Repeat the span of the entries below that starts at the line with "After adding Moscan" and ends at the line with "Next, we'll inject", nothing more. Skip the pictures.

*** Opening of Material for this exercise ***

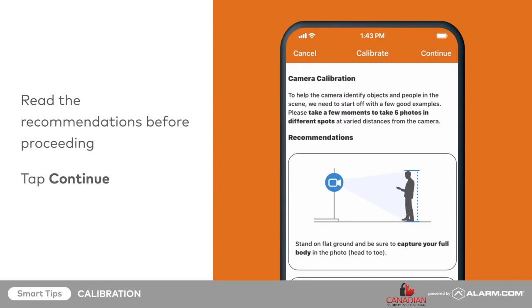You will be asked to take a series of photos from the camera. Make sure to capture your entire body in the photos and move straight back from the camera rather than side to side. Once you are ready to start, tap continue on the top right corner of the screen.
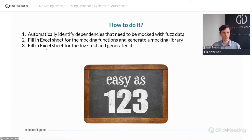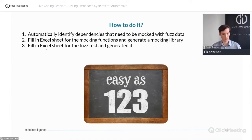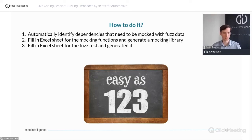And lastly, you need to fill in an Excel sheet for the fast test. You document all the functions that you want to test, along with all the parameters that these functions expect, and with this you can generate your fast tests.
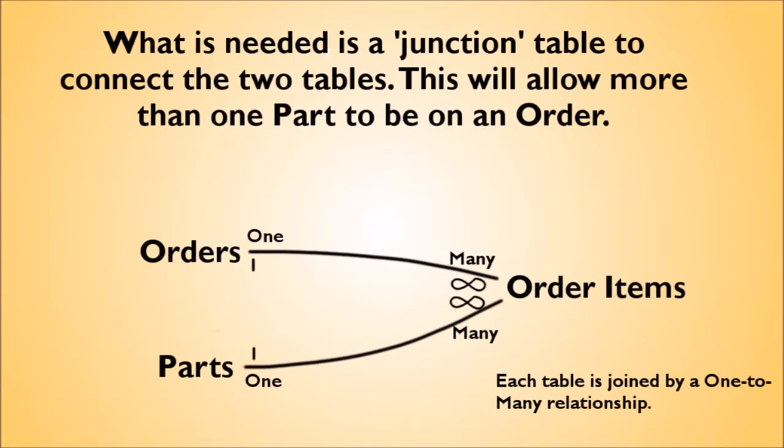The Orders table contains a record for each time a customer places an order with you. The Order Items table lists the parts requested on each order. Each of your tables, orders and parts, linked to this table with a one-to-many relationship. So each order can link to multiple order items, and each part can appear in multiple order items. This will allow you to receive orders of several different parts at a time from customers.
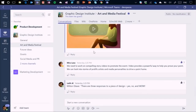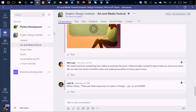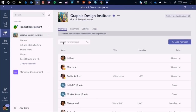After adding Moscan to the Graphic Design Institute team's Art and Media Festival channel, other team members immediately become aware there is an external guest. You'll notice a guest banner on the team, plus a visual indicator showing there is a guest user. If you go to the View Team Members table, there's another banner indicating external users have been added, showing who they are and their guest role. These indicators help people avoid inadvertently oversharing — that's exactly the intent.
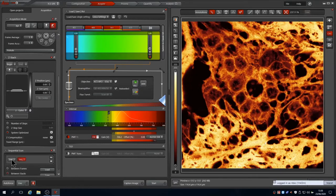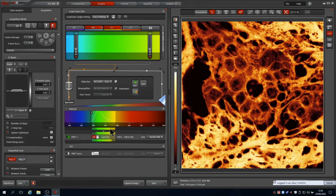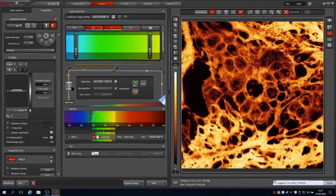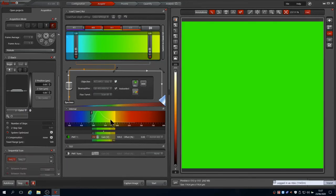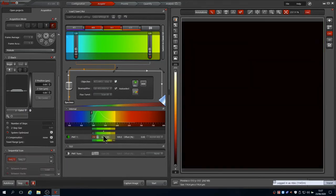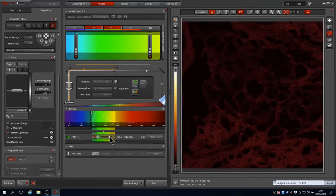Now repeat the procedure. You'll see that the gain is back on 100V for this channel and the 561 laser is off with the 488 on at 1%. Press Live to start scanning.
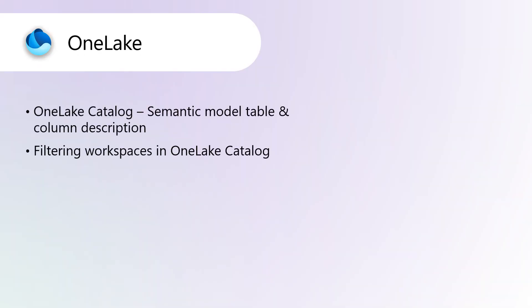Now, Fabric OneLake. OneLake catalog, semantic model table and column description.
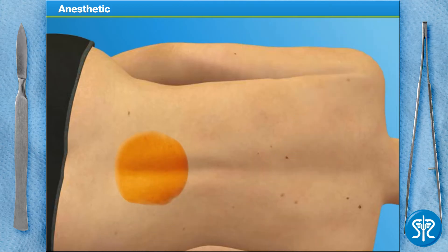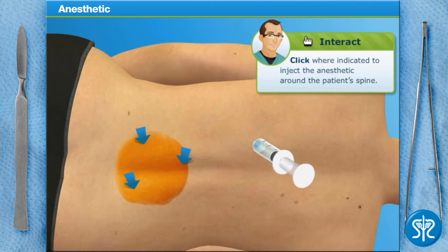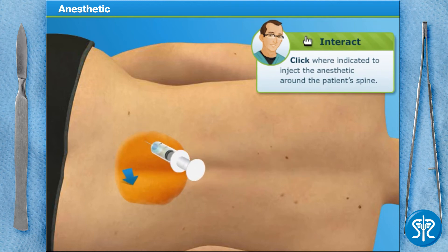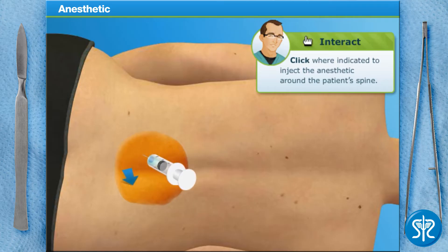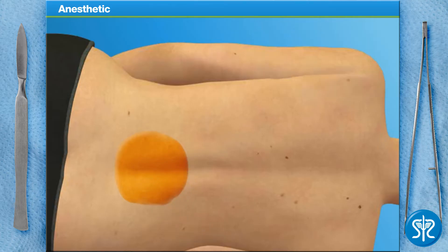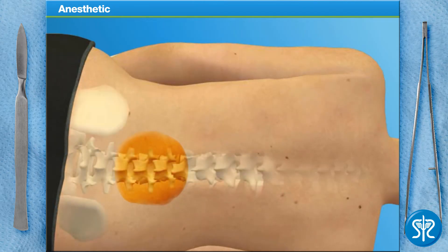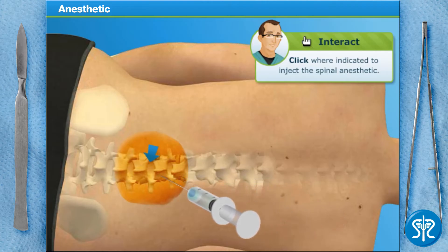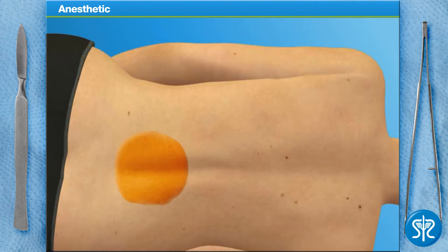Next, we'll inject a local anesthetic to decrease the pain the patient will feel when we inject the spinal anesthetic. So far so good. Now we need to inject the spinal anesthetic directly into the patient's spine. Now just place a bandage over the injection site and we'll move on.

*** Close of Material for this exercise ***
*** Opening of Material for this exercise ***

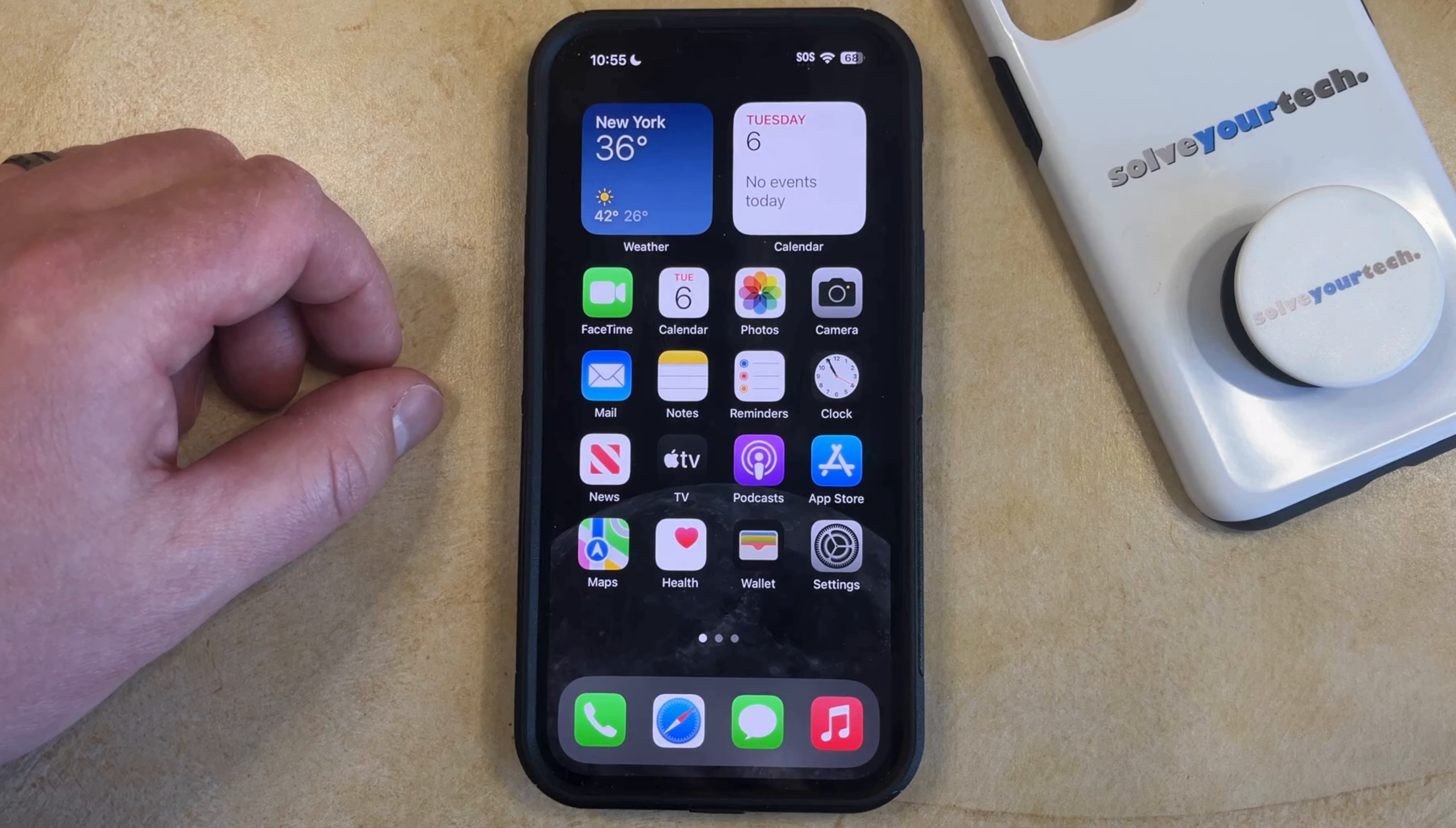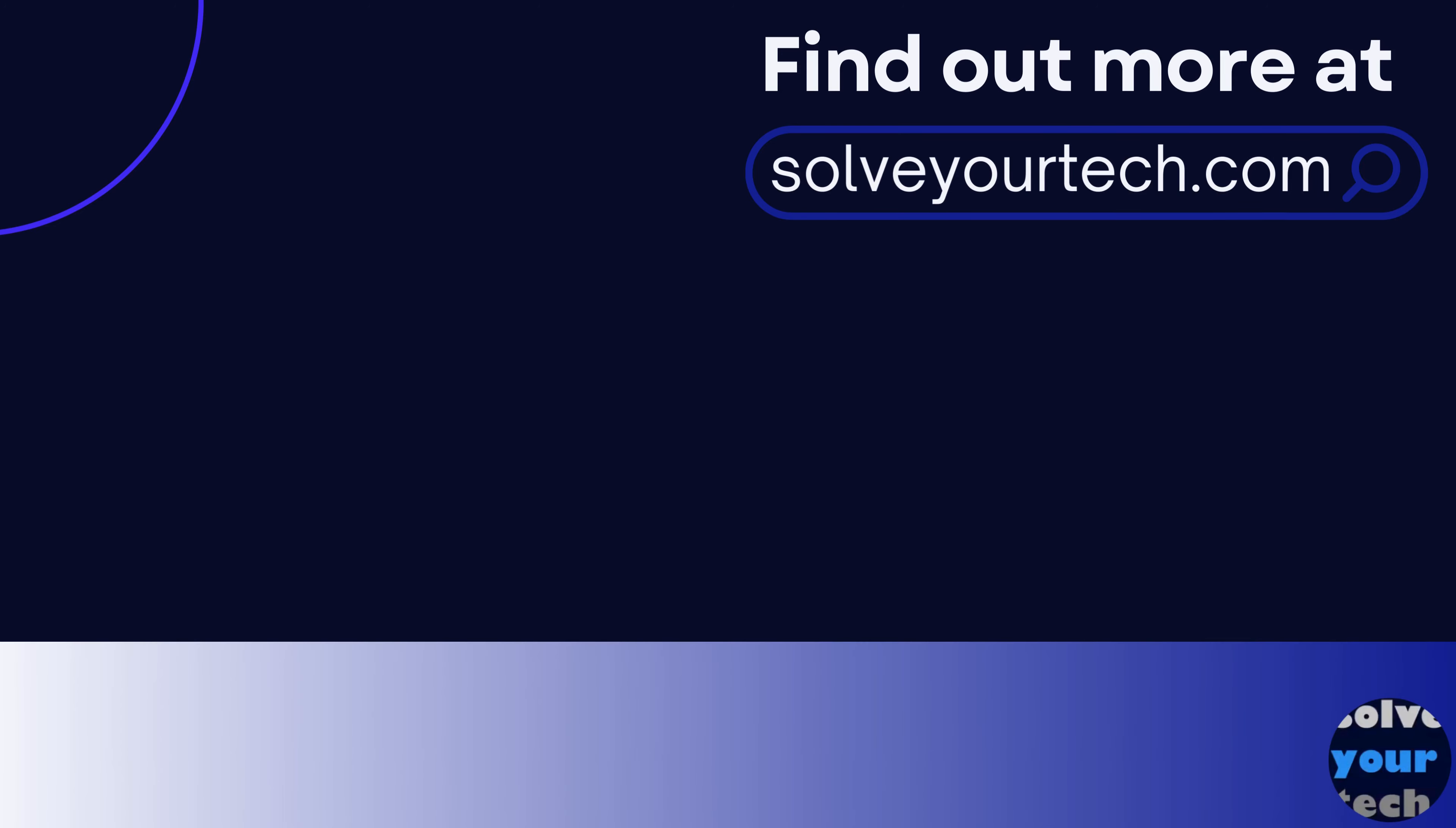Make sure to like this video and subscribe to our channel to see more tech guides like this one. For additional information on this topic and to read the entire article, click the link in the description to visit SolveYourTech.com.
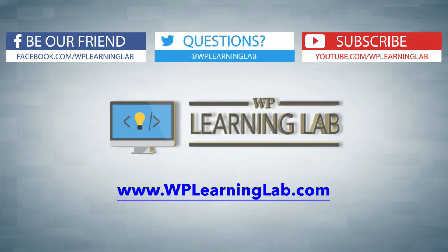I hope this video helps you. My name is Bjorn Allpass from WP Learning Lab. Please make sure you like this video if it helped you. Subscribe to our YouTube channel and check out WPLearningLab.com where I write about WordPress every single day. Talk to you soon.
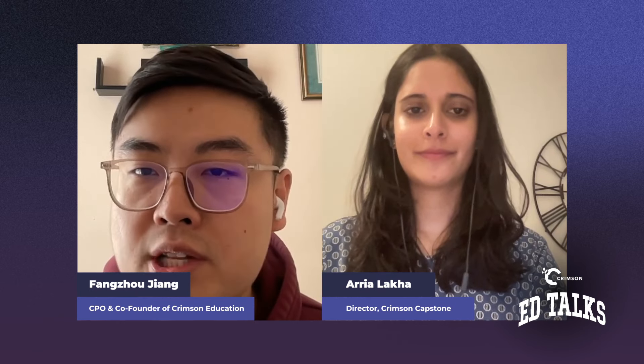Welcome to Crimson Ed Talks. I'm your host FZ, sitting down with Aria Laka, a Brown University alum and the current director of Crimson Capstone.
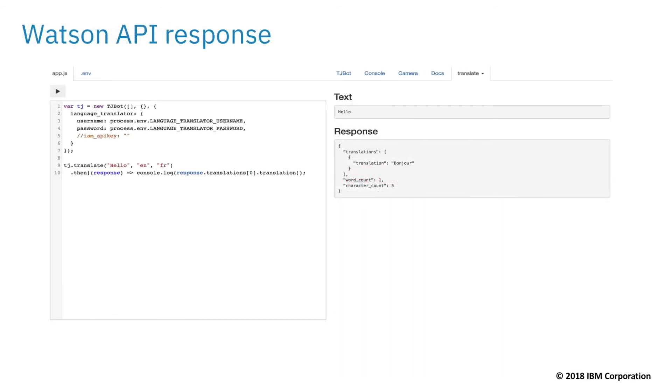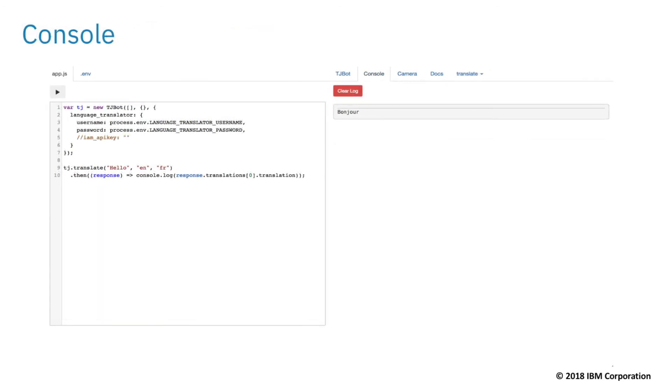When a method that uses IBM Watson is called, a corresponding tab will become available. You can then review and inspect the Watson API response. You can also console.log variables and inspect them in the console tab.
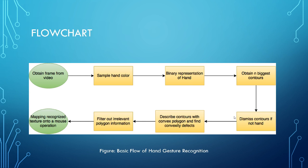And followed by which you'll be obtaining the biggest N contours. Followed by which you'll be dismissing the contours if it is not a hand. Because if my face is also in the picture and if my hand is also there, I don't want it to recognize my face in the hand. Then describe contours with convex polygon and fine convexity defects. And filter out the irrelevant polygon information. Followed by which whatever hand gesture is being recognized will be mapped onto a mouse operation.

*** Close of Material for this exercise ***
*** Opening of Material for this exercise ***

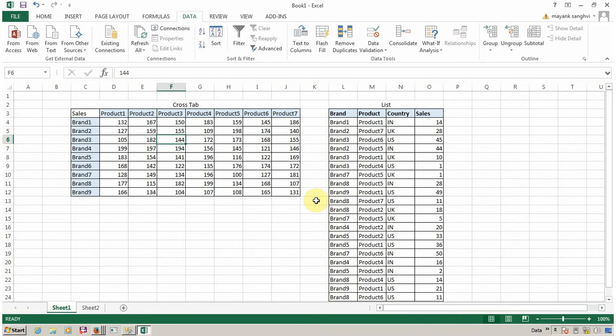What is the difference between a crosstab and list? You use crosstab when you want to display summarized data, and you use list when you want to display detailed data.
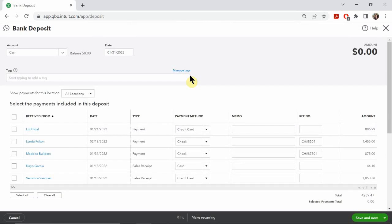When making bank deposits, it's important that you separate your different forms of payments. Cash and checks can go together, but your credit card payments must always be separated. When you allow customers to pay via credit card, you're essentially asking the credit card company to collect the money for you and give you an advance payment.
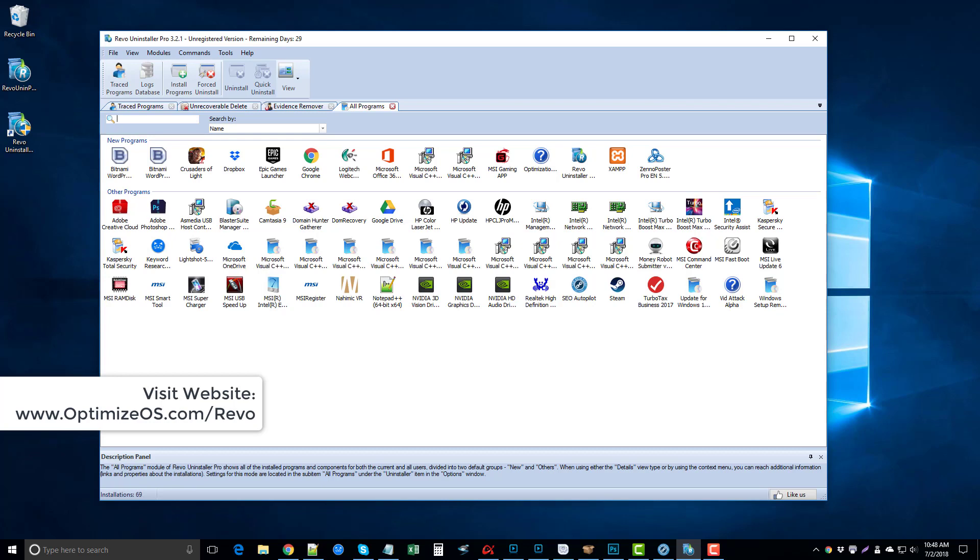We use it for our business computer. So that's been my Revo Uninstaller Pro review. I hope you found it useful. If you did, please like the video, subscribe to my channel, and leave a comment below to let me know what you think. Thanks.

*** Close of Material for this exercise ***

--- Answer box ---
After adding Moscan to the Graphic Design Institute team's Art and Media Festival channel, other team members immediately become aware there is an external guest. You'll notice a guest banner on the team, plus a visual indicator showing there is a guest user. If you go to the View Team Members table, there's another banner indicating external users have been added, showing who they are and their guest role. These indicators help people avoid inadvertently oversharing — that's exactly the intent.
Now repeat the procedure. You'll see that the gain is back on 100V for this channel and the 561 laser is off with the 488 on at 1%. Press Live to start scanning.
Now, Fabric OneLake. OneLake catalog, semantic model table and column description.
Next, we'll inject a local anesthetic to decrease the pain the patient will feel when we inject the spinal anesthetic. So far so good. Now we need to inject the spinal anesthetic directly into the patient's spine. Now just place a bandage over the injection site and we'll move on.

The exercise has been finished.